What is required:
Could you retype the lines below, starting at the line holding "VEVOR Ride On" and stopping at the line holding "Lilly Pulitzer Tops", inclusive? Copy them exactly and drop the images.

Scraped caption text data:
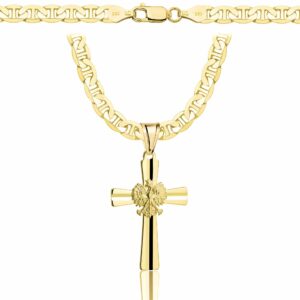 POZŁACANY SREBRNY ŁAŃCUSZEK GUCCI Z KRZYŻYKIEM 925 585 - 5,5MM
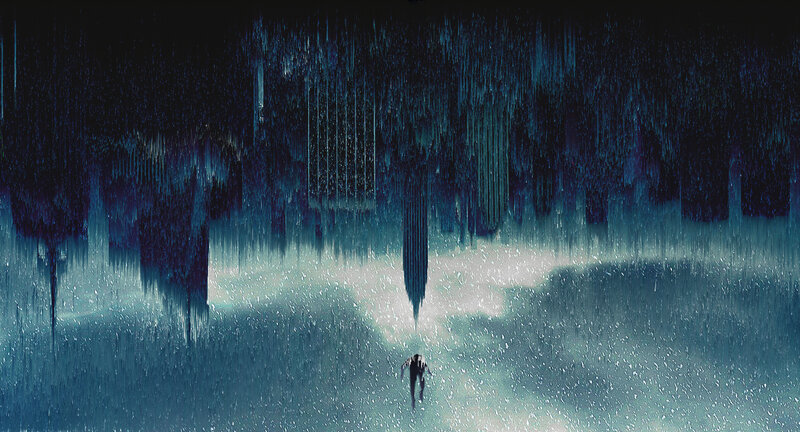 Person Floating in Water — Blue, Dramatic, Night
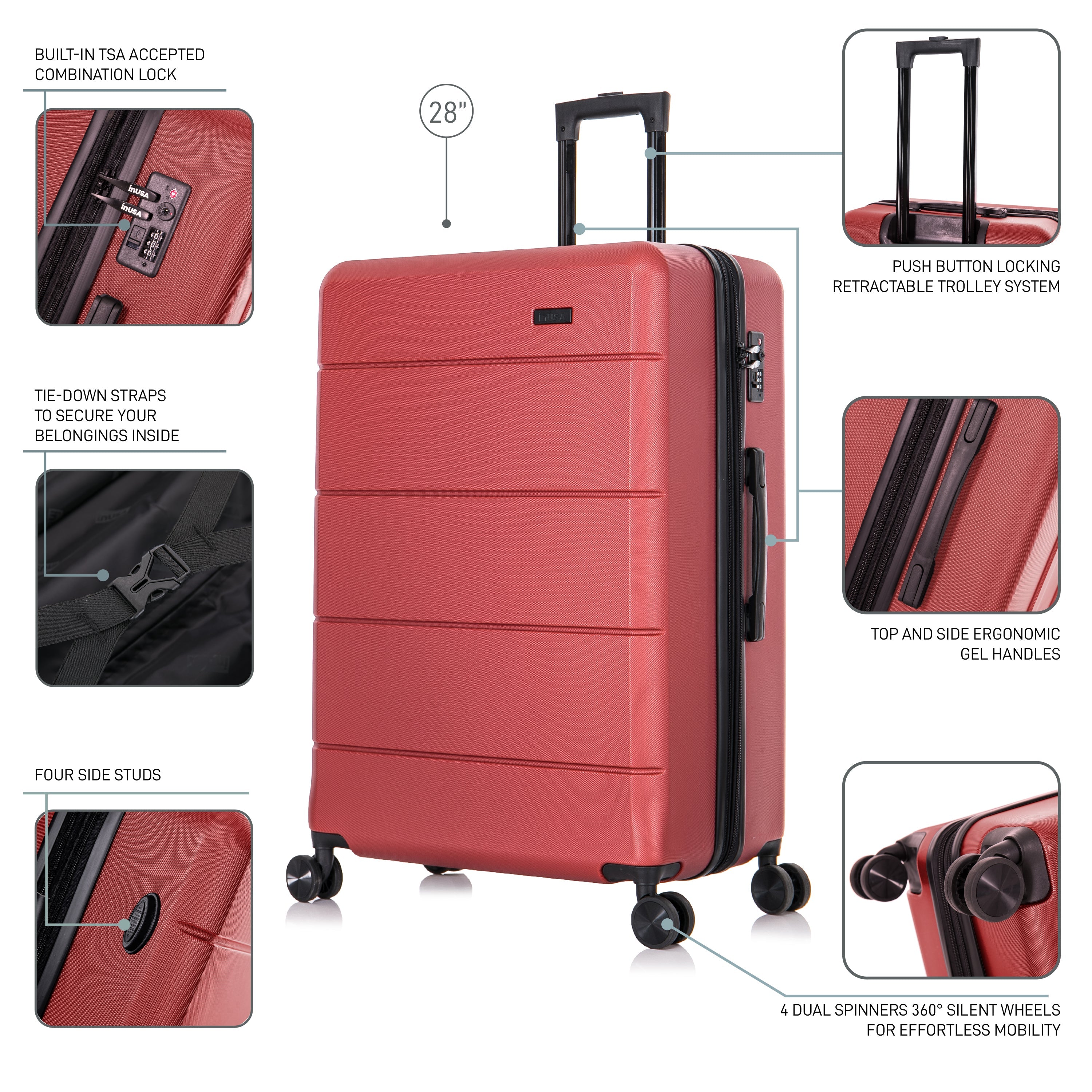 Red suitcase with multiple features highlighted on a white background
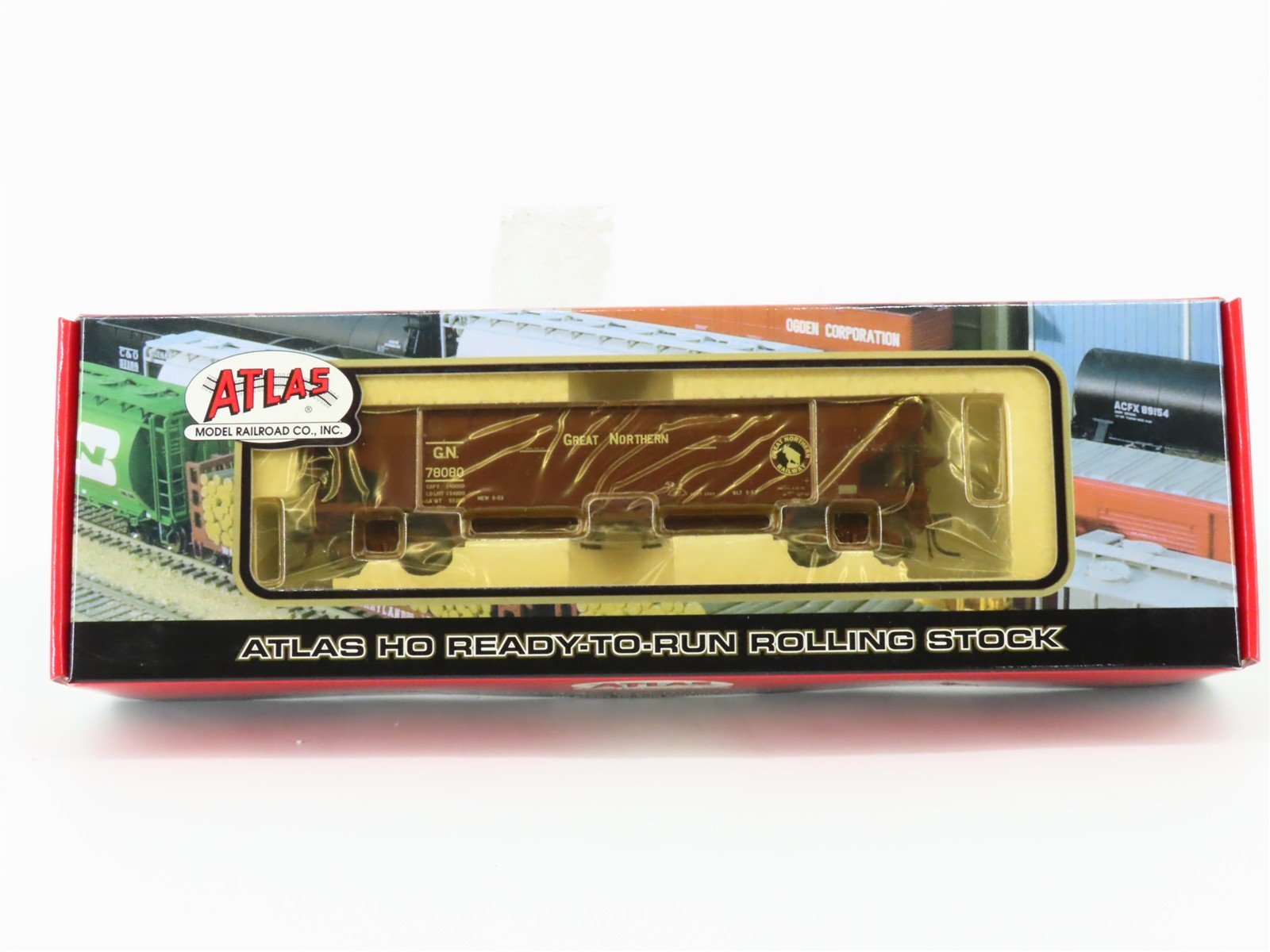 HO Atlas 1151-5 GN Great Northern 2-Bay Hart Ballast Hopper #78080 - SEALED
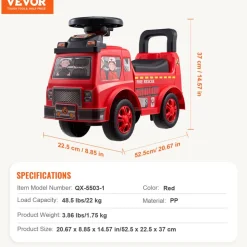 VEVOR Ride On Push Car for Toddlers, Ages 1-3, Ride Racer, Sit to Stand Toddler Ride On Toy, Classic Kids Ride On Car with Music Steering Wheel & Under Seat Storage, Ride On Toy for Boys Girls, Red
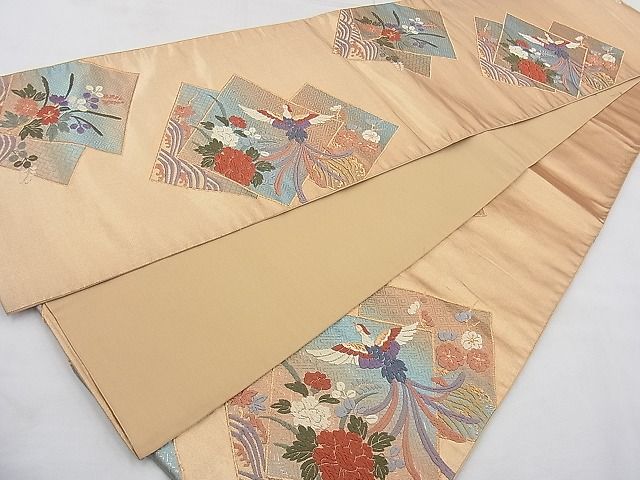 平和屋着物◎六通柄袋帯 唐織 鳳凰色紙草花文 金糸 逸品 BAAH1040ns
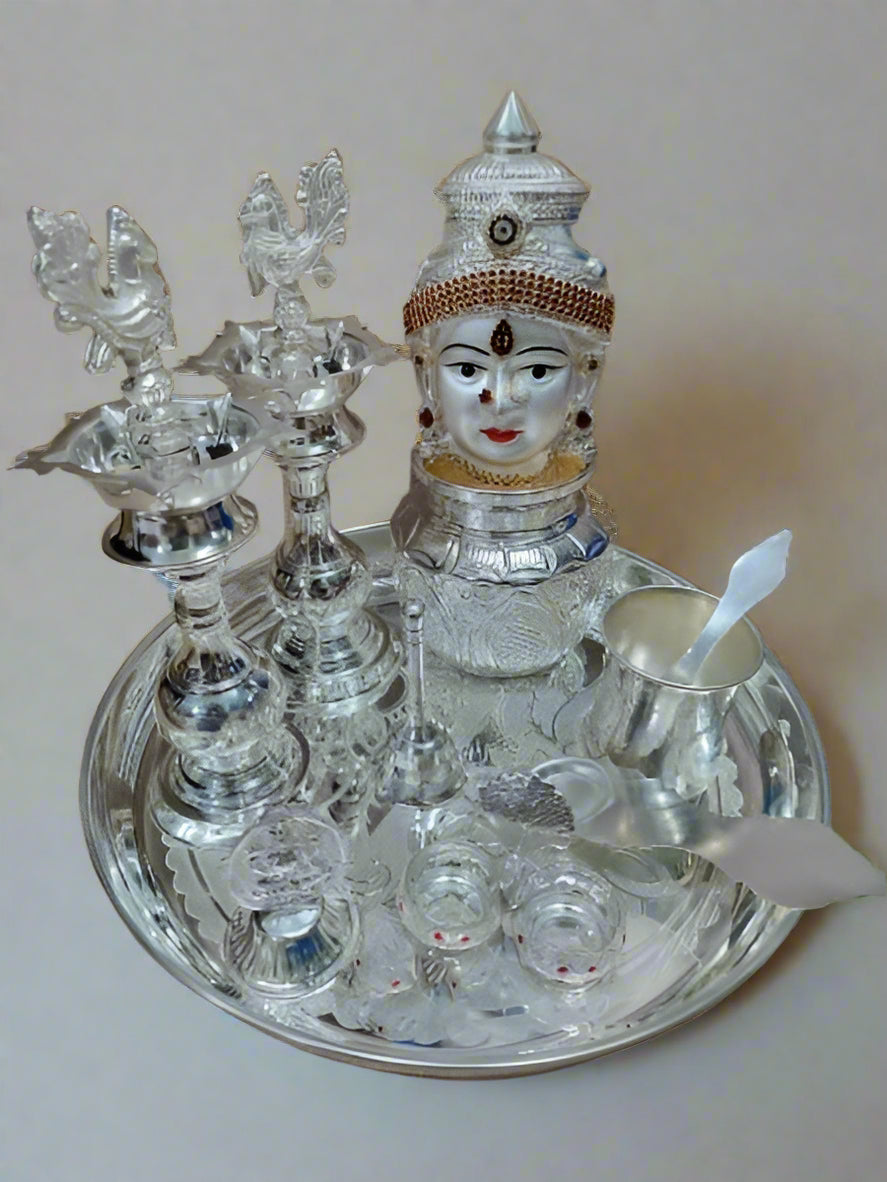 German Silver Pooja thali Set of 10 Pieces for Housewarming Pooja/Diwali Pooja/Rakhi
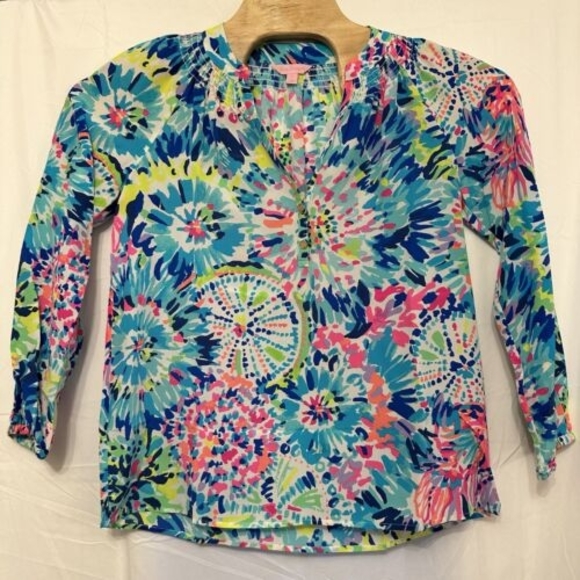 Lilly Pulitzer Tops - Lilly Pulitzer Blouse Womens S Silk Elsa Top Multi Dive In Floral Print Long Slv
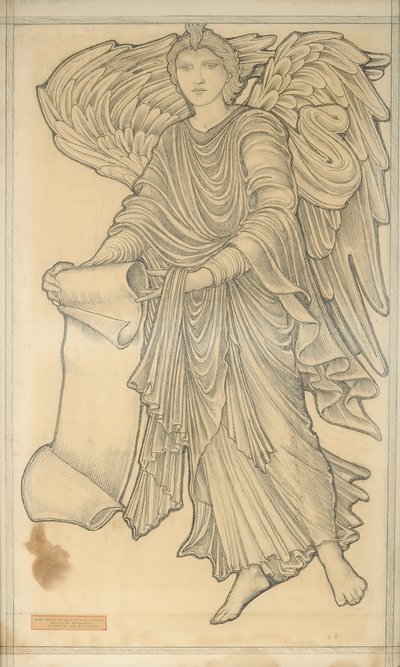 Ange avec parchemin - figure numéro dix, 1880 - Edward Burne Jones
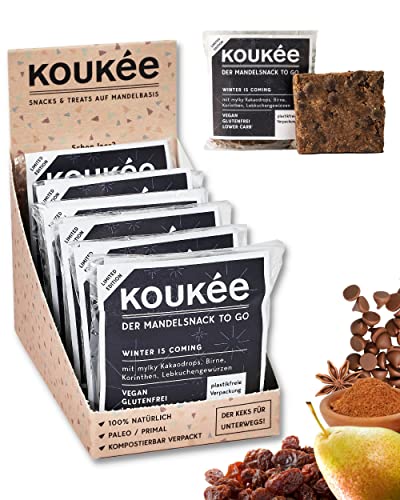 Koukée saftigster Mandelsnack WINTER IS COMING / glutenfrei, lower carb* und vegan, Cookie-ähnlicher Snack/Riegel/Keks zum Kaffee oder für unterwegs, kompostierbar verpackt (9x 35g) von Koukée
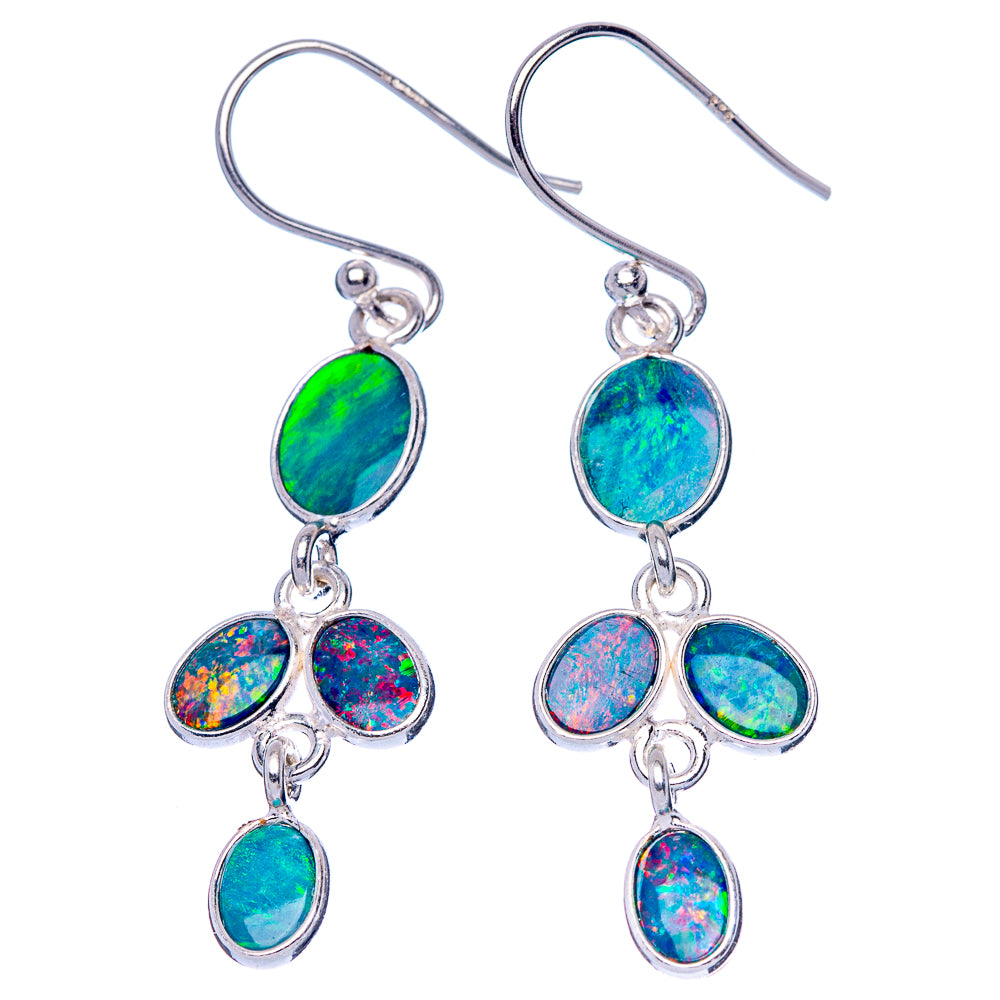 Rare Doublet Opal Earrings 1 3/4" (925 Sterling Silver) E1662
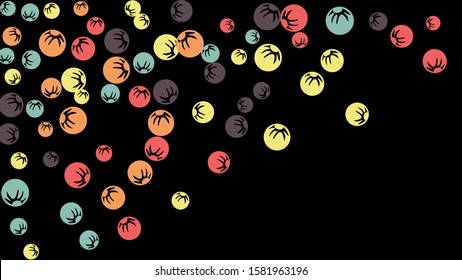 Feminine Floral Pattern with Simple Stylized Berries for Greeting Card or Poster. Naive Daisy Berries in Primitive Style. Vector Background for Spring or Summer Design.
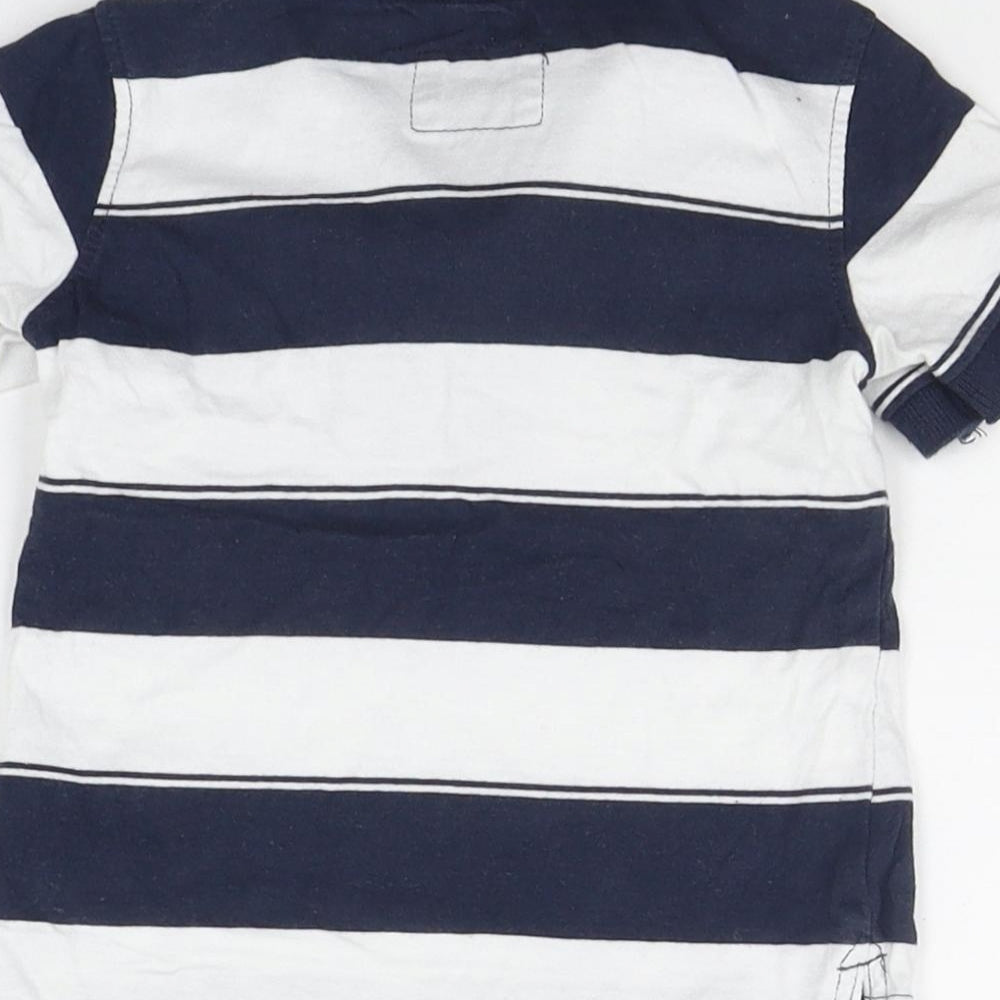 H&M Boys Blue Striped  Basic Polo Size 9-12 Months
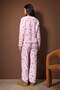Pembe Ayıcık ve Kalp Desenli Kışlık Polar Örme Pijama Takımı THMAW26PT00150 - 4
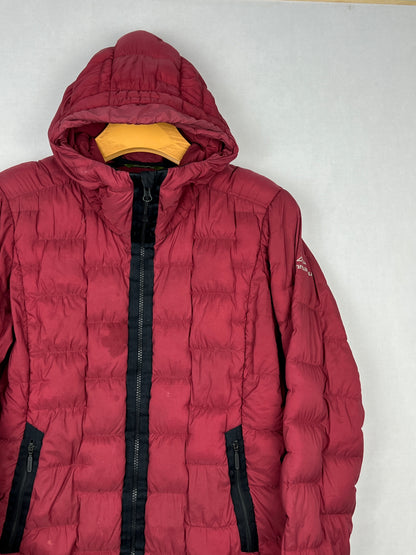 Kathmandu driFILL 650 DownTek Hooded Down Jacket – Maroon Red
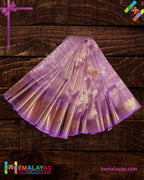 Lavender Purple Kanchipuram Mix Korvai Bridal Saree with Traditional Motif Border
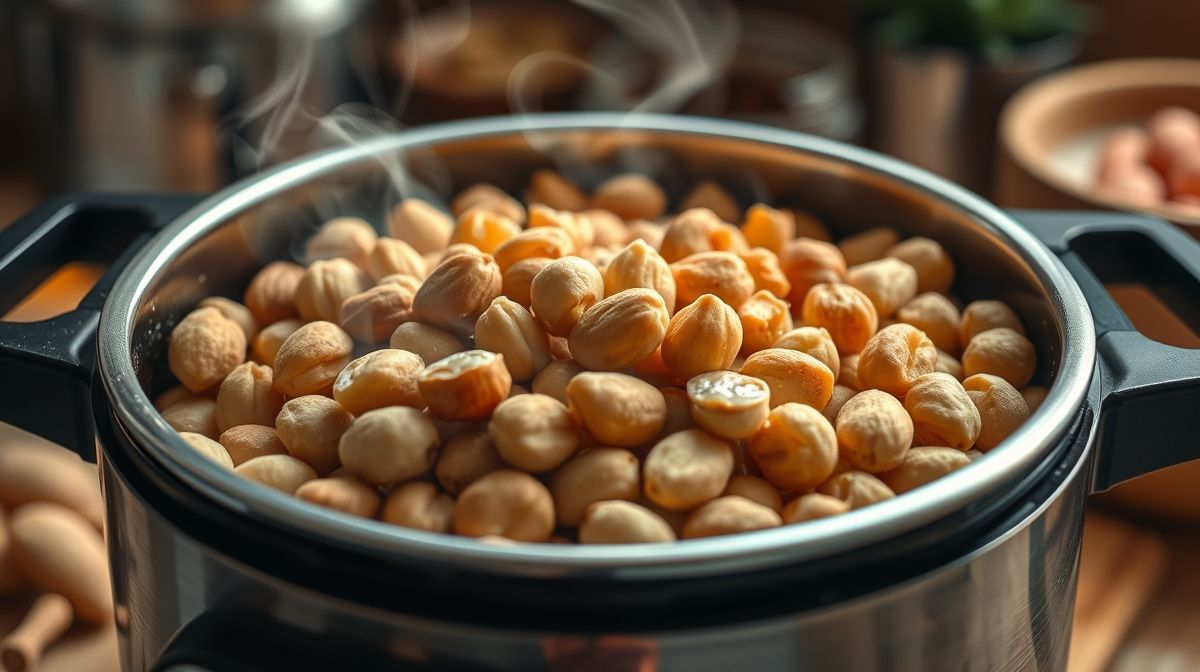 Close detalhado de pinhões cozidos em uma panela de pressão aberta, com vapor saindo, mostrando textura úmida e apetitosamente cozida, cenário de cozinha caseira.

Output below:
 VEVOR Ride On Push Car for Toddlers, Ages 1-3, Ride Racer, Sit to Stand Toddler Ride On Toy, Classic Kids Ride On Car with Music Steering Wheel & Under Seat Storage, Ride On Toy for Boys Girls, Red
 平和屋着物◎六通柄袋帯 唐織 鳳凰色紙草花文 金糸 逸品 BAAH1040ns
 German Silver Pooja thali Set of 10 Pieces for Housewarming Pooja/Diwali Pooja/Rakhi
 Lilly Pulitzer Tops - Lilly Pulitzer Blouse Womens S Silk Elsa Top Multi Dive In Floral Print Long Slv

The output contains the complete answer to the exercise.